Inflation, energy costs pinch workers

Published: Thursday, January 19, 2006 at 6:01 a.m.
Last Modified: Wednesday, January 18, 2006 at 11:11 p.m.
The average American worker got squeezed in 2005 between the biggest jump in energy prices in 15 years and wages that failed to keep up with inflation.
As a result, hourly earnings after adjusting for inflation fell by 0.5 percent in December compared to what workers were earning in December 2004, the Labor Department reported Wednesday.
Workers did see their wages rise last year. It was just that prices rose at a faster pace - 3.4 percent for the 12 months ending in December, the department said.
The 0.5 percent drop in inflation-adjusted hourly earnings last year followed a 0.7 percent fall in 2004 for the 80 percent of the U.S. work force that is employed by the private sector in non-supervisory jobs.
The main culprit in last year's jump in inflation was a 17.1 percent surge in energy prices, the biggest advance since 1990, as gasoline prices topped $3 per gallon for a time. The rise in energy accounted for 40 percent of the overall rise in prices last year.
At the White House, presidential spokesman Scott McClellan said energy prices were still too high and the president was committed to addressing that problem.

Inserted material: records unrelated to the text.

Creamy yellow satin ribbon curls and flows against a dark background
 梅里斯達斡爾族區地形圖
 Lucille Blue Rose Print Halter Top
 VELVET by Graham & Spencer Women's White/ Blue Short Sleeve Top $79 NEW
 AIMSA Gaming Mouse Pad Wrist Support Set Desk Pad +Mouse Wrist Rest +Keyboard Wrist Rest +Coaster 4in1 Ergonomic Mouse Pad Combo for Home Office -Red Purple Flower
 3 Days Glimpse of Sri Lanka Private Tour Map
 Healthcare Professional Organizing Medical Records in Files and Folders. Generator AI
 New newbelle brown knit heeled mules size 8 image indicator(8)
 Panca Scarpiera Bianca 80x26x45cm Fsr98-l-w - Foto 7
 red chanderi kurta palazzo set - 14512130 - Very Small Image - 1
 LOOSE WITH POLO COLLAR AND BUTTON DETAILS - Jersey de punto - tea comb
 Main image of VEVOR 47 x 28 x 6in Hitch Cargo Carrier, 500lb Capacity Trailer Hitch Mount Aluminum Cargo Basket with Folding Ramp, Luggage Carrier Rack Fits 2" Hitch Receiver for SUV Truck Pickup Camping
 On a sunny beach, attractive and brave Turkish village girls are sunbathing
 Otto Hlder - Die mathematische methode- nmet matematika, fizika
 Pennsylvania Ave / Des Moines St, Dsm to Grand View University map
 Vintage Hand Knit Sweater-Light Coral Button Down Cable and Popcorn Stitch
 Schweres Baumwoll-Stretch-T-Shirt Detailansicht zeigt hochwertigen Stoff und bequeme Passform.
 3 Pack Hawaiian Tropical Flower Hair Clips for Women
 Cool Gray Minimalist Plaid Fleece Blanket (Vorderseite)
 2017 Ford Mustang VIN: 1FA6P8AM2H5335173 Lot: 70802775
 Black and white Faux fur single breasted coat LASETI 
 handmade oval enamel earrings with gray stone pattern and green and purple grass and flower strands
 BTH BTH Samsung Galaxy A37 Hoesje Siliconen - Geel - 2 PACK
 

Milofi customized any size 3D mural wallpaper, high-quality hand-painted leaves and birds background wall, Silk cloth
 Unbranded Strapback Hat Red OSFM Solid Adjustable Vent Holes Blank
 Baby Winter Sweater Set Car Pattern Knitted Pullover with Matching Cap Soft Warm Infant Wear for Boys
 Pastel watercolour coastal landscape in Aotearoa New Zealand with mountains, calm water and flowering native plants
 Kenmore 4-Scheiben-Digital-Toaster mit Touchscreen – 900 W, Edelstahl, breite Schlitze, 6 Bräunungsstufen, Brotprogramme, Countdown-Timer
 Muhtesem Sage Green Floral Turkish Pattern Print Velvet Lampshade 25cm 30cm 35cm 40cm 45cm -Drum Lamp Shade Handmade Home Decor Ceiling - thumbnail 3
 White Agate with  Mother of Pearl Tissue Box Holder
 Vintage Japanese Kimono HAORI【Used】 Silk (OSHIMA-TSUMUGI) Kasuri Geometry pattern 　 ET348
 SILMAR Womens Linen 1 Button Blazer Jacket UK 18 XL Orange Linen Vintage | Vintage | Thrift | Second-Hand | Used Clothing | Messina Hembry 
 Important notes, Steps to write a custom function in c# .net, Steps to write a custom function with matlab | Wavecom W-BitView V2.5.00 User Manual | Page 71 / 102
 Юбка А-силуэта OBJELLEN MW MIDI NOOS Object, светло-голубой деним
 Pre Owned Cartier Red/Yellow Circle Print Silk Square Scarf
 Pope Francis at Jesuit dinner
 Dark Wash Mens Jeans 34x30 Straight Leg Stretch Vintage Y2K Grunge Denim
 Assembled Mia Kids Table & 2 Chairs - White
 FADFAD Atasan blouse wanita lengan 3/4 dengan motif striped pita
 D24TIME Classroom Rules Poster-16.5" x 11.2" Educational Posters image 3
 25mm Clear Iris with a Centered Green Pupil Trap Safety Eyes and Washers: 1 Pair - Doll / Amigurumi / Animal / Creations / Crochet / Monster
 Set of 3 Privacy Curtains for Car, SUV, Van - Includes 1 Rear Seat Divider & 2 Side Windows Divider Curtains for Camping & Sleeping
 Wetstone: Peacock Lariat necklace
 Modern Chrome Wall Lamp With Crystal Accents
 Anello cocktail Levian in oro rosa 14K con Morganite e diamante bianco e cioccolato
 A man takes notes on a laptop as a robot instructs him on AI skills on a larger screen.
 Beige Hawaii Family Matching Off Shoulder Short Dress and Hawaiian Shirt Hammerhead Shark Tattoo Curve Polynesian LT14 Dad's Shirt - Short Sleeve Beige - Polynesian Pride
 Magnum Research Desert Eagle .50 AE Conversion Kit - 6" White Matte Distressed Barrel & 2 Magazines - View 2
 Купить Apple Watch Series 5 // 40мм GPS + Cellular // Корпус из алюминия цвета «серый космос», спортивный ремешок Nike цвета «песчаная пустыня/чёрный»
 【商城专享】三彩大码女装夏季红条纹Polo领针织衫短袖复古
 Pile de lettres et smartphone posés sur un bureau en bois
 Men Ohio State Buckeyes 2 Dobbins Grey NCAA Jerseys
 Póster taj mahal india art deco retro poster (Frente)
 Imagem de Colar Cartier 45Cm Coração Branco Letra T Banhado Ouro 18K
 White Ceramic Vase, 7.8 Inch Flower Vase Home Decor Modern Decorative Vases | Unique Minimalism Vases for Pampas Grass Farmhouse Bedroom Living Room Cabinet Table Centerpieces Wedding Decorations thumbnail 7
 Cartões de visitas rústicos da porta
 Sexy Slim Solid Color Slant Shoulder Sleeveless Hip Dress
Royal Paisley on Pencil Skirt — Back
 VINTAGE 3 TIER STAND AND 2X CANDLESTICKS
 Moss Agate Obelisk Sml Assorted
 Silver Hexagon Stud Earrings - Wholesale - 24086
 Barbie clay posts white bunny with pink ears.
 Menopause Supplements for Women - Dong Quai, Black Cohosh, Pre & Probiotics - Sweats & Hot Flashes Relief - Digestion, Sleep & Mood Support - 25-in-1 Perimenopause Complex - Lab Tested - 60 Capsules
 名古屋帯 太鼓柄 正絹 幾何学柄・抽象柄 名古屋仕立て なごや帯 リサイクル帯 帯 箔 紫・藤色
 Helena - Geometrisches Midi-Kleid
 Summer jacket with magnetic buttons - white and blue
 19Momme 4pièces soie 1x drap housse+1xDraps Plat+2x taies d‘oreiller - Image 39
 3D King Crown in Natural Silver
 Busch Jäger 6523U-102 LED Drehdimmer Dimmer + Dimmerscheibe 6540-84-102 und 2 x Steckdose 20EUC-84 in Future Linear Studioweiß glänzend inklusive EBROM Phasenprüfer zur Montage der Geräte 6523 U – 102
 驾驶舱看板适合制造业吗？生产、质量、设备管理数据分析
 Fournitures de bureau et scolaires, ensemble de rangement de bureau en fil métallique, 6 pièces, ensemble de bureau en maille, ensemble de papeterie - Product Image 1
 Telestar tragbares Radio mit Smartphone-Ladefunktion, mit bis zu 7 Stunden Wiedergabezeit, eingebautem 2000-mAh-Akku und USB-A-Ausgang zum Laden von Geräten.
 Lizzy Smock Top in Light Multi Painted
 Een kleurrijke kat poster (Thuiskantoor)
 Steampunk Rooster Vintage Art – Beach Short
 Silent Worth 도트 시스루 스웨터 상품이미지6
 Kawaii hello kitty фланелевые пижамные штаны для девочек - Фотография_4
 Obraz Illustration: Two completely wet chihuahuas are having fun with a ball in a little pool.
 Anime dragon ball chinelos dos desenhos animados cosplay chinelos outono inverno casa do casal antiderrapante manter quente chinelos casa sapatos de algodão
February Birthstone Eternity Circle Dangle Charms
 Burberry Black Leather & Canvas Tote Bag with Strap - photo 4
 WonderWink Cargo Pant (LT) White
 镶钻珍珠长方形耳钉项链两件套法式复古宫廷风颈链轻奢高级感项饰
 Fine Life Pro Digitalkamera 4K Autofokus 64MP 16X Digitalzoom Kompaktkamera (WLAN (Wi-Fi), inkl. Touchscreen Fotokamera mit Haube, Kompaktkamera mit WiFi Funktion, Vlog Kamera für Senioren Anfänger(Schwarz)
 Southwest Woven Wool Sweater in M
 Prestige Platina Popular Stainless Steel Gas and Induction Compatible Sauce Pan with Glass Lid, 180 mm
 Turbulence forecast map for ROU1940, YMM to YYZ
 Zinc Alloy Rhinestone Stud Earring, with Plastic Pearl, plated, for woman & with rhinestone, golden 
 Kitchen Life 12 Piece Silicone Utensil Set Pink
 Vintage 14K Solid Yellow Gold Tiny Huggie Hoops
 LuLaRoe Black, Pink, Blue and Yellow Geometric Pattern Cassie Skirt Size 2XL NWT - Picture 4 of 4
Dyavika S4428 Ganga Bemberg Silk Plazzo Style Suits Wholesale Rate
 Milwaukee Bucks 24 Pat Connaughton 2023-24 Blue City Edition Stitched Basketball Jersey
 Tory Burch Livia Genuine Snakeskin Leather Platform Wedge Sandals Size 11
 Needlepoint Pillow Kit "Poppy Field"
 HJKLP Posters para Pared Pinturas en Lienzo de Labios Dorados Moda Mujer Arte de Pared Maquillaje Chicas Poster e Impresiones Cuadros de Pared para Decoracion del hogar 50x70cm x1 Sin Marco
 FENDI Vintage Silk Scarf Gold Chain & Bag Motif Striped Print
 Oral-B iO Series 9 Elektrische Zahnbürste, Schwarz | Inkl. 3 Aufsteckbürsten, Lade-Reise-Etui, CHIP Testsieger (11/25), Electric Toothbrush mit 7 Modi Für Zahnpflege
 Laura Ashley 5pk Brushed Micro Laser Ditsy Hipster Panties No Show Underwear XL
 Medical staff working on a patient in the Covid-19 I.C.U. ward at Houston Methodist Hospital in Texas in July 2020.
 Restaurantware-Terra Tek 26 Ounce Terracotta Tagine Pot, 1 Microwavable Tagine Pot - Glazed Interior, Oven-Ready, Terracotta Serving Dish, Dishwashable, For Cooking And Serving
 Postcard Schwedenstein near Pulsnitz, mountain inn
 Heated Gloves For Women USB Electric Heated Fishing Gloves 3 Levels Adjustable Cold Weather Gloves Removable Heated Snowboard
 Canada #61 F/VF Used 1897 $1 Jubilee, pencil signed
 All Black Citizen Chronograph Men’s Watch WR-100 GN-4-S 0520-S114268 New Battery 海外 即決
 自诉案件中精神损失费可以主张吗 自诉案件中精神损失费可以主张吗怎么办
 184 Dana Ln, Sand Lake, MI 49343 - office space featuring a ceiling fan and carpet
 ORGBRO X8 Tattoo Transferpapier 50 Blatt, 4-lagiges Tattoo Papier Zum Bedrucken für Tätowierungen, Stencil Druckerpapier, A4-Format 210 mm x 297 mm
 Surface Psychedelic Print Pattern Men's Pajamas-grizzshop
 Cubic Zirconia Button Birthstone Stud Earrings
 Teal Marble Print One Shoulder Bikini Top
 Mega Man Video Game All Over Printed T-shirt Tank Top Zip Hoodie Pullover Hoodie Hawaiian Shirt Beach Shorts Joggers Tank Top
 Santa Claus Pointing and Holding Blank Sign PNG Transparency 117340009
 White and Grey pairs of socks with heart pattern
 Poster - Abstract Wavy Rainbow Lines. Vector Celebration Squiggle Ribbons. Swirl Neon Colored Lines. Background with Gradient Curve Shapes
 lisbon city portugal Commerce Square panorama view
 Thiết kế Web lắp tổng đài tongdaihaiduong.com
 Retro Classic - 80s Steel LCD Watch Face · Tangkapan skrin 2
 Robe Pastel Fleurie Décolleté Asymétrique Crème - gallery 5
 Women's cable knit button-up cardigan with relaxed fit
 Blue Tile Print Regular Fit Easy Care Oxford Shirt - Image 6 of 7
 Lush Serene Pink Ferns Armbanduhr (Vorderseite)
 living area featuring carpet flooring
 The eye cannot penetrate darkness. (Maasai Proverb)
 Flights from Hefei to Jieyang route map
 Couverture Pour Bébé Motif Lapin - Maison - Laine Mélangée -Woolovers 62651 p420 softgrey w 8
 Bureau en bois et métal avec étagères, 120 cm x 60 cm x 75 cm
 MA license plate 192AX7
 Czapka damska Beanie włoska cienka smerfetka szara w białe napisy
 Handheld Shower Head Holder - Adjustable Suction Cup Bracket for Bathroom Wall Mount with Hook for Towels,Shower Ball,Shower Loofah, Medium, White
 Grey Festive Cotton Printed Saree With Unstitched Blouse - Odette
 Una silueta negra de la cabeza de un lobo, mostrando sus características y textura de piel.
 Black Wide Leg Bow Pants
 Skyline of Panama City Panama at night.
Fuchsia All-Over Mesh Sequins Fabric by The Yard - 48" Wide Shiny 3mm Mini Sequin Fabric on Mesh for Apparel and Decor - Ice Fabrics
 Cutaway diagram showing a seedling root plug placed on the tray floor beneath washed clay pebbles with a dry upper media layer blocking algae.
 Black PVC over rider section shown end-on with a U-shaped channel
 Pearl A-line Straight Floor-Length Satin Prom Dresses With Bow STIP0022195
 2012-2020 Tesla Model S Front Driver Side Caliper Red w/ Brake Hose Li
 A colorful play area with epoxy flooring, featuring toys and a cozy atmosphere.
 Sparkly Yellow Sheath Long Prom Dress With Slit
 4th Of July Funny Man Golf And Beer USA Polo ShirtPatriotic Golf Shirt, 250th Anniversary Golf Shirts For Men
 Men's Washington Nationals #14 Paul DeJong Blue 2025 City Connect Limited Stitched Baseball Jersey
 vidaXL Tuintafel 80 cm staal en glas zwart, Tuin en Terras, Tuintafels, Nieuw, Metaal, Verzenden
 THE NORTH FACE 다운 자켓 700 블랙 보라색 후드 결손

But Democrats pointed to the drop in inflation-adjusted earnings as further evidence that the typical American family is not fairing well in the current economic expansion.
"Paychecks are being stretched thinner as families face higher prices for home heating, health care and education," said Sen. Jack Reed, D-R.I.
Jared Bernstein, an economist with the Economic Policy Institute, a liberal Washington think tank, said the problem has been that labor markets have not been tight enough to push employers to boost salaries while inflation has been gradually creeping higher.
Other analysts said the wage weakness was having an impact on consumer confidence.
"People see energy prices going up and they get a little worried about what they can afford to spend money on," said David Wyss, chief economist at Standard & Poor's in New York.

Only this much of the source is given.